The craggy Ian Mune is good as the roughnecked Bullen. Even before the habit of bringing American stars in to carry films in the international arena became commonplace in NZ, Donaldson was way ahead of the crowd and imports Warren Oates in an appearance as an American military officer. The early parts of the film are stolen by Don Selwyn in a brief appearance as a Maori man who rents Sam Neill the island and gives him a dog – “What’s its name?” “I don’t know. It’s your dog.”
Sleeping Dogs should not be confused with the Canadian science-fiction/heist film Sleeping Dogs (1998).

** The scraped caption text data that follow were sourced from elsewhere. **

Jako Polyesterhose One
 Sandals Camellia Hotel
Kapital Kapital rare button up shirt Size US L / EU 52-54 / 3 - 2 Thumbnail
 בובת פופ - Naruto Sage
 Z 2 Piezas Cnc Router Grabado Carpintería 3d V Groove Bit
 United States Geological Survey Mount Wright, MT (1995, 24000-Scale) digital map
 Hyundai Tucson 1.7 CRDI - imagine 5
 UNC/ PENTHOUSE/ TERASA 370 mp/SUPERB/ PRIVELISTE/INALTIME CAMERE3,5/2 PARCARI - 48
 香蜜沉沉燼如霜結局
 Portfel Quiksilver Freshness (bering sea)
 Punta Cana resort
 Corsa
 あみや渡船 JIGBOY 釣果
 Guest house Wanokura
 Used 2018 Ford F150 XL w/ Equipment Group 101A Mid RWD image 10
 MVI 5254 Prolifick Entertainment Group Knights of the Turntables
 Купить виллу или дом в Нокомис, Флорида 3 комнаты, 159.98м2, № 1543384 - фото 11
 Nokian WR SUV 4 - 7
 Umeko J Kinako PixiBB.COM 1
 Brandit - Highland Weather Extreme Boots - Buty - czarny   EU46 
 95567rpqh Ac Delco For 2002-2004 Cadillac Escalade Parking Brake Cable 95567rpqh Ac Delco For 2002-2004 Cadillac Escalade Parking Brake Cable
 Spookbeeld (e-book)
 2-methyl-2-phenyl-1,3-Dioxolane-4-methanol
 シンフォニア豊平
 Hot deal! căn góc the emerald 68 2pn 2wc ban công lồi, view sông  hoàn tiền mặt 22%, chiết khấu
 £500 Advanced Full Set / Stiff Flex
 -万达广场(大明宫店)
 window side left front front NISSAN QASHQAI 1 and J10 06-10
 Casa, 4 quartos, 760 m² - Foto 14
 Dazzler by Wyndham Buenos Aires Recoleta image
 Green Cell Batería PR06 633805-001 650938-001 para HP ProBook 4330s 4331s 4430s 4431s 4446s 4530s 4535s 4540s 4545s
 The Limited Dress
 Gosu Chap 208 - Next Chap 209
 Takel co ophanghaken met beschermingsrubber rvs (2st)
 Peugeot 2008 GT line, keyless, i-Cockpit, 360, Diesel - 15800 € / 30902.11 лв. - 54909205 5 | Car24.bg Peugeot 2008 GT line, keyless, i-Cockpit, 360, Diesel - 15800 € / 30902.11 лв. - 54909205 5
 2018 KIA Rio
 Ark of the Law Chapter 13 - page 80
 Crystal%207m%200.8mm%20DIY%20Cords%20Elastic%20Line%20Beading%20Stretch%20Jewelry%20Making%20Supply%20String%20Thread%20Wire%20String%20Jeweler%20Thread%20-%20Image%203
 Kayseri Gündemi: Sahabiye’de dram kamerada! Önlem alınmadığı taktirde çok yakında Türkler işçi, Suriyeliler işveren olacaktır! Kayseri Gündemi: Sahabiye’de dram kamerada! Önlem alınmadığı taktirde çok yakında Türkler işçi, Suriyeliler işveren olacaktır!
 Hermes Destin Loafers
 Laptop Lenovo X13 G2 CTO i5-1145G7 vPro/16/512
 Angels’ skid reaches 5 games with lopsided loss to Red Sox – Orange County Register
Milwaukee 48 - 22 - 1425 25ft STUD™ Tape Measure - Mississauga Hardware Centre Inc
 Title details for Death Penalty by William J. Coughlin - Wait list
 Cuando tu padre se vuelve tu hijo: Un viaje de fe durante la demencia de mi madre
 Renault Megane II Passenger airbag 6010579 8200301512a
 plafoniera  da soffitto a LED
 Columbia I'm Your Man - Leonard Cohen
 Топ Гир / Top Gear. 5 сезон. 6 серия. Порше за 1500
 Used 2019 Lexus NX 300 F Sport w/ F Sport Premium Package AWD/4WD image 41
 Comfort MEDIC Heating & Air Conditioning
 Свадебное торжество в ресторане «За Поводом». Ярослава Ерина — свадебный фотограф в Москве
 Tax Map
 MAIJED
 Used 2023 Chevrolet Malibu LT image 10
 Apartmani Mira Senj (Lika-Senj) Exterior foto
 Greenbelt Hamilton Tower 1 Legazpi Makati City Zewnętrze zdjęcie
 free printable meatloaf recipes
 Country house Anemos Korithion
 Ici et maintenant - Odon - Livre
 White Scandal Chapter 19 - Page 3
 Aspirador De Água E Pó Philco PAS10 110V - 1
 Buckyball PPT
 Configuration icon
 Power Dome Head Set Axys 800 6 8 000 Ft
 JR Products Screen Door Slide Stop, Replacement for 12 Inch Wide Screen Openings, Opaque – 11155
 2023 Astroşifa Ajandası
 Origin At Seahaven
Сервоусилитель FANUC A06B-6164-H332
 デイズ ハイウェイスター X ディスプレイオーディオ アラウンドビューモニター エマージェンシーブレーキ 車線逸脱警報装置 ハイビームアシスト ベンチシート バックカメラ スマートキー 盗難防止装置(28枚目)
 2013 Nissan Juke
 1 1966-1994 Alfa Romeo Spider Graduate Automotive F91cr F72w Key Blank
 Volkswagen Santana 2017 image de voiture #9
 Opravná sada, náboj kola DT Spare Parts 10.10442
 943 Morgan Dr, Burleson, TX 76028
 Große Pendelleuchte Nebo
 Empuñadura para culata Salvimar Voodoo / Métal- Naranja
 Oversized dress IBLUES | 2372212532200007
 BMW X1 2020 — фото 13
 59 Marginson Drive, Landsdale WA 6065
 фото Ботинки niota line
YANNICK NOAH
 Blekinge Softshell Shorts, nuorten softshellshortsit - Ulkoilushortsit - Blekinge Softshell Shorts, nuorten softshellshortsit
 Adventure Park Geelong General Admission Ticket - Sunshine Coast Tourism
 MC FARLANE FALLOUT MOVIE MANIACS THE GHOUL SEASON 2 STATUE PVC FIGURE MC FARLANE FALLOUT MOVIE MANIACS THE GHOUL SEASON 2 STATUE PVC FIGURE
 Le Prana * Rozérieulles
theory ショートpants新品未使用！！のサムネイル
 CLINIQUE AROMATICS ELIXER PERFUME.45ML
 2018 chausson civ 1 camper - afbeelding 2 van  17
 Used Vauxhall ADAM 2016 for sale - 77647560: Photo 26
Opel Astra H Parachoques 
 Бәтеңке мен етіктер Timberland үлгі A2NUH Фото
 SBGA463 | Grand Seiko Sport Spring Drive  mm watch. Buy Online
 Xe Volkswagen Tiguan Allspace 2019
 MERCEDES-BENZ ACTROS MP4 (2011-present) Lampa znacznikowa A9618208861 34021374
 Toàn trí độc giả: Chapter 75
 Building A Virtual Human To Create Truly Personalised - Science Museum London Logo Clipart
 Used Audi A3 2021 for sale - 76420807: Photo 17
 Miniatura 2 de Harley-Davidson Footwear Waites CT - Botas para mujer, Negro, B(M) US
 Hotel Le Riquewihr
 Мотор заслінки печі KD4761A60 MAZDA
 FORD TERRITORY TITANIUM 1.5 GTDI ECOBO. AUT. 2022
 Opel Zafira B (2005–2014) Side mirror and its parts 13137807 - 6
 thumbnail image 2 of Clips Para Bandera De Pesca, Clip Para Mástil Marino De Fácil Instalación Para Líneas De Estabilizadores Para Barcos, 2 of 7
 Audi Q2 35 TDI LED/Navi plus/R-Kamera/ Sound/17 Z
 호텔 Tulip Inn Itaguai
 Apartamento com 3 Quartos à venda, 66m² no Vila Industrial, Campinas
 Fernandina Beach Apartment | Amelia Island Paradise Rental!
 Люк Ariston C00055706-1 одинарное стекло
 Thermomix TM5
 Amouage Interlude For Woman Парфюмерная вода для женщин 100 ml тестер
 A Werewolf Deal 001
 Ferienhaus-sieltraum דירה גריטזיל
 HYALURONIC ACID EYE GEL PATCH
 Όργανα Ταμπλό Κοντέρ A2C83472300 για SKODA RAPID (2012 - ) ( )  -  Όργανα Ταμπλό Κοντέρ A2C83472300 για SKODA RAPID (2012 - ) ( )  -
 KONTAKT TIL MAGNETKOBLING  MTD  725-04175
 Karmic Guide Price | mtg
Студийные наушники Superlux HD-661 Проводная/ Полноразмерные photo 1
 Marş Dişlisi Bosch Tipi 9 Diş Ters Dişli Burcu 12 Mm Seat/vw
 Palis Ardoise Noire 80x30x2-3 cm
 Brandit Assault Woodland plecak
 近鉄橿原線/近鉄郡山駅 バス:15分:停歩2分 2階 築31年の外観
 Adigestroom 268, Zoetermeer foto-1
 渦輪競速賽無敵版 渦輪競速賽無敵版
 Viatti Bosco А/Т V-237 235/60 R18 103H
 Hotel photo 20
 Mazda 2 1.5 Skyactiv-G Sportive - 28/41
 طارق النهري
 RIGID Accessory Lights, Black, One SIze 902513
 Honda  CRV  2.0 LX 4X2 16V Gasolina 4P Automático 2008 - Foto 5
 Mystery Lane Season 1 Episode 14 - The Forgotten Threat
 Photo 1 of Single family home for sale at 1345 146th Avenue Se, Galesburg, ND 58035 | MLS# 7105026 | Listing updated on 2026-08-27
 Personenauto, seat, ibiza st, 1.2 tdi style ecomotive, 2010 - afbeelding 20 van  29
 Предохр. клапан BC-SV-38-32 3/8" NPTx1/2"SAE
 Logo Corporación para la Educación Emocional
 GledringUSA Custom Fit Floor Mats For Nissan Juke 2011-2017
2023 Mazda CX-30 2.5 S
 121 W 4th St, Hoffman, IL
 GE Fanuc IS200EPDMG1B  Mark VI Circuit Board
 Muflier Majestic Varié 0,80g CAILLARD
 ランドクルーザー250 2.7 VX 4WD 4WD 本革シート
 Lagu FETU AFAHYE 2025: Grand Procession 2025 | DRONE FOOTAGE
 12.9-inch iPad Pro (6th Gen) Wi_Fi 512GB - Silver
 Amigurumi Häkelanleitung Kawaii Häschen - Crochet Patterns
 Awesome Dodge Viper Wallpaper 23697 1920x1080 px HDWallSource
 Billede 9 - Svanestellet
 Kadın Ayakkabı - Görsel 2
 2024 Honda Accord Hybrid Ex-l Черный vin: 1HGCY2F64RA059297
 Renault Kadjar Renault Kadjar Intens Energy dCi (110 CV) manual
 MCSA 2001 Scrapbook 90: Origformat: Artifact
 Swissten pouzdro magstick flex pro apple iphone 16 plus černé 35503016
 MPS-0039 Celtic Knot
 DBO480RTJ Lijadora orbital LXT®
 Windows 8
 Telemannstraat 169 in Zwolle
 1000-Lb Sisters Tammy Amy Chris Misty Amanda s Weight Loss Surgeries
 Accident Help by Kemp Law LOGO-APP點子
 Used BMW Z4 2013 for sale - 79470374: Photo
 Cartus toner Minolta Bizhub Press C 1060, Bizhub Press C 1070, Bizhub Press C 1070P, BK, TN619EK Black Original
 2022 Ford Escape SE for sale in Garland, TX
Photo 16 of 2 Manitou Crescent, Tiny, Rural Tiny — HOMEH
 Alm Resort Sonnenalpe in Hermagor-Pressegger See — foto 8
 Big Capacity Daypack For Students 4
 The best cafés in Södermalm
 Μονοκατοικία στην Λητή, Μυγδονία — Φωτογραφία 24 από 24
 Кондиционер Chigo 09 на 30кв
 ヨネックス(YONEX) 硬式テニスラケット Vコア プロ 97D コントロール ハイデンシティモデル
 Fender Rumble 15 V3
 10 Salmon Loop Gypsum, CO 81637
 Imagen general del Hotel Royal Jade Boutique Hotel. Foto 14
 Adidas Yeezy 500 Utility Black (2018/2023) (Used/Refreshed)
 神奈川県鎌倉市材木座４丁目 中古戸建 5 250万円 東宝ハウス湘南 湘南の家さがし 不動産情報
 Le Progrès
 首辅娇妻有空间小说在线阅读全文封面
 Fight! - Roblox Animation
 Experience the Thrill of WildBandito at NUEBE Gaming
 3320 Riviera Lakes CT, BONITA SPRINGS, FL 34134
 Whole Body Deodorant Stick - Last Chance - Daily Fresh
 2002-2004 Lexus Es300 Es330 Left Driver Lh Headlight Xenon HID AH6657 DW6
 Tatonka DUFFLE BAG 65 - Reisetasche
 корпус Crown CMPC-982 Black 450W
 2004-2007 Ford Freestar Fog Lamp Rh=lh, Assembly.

Roger Donaldson next made Smash Palace (1981), a disturbing and emotionally raw film about a marriage breakup, which is one of finest films to emerge out of New Zealand in the 1980s and remains Donaldson’s single best film. The success of Smash Palace took Donaldson overseas where he made The Bounty (1984) and the Kevin Costner thriller No Way Out (1987), before such generally unexceptional mainstream commercial output as Cocktail (1988), Cadillac Man (1990), White Sands (1995), the underrated remake of The Getaway (1994), the disaster movie Dante’s Peak (1997), Thirteen Days (2000), before returning to New Zealand to make The World’s Fastest Indian (2005), and then back to international work on The Bank Job (2008), Seeking Justice (2011) and The November Man (2014). Donaldson’s one other venture into the science-fiction genre so far has been Species (1995).